BEGIN

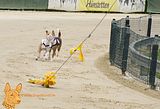 Finale: weiß Kokojambo´s Imara aka Nala , scharz Muatbaruga´s Jump Nyabinghi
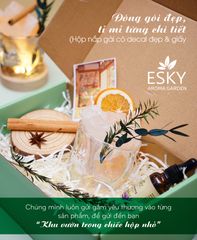 Set Quà Tặng Nam Nữ Ly Đá Khuếch Tán Tinh Dầu Thơm Phòng ESKY AROMA GARDEN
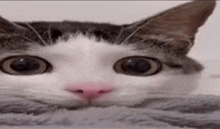 a close up of a cat 's face with big eyes and a pink nose .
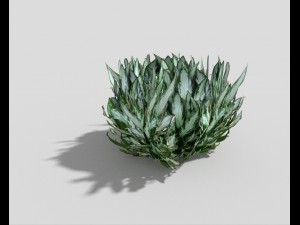 low poly plant 3D Model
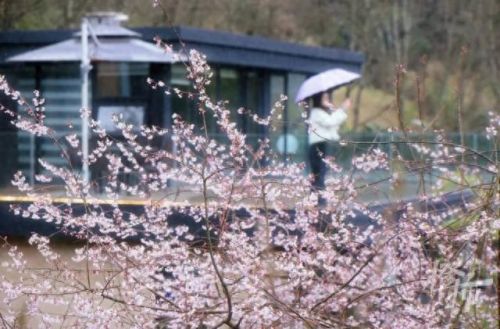 樱之路(穿越火线击杀音效)插图17 樱之路(穿越火线击杀音效)插图17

END

* **EXERCISE AIM**: Transcribe all the lines above exactly, apart from the pictures.

* **ANSWER SPACE**:
 Finale: weiß Kokojambo´s Imara aka Nala , scharz Muatbaruga´s Jump Nyabinghi
 Set Quà Tặng Nam Nữ Ly Đá Khuếch Tán Tinh Dầu Thơm Phòng ESKY AROMA GARDEN
 a close up of a cat 's face with big eyes and a pink nose .
 low poly plant 3D Model
 樱之路(穿越火线击杀音效)插图17 樱之路(穿越火线击杀音效)插图17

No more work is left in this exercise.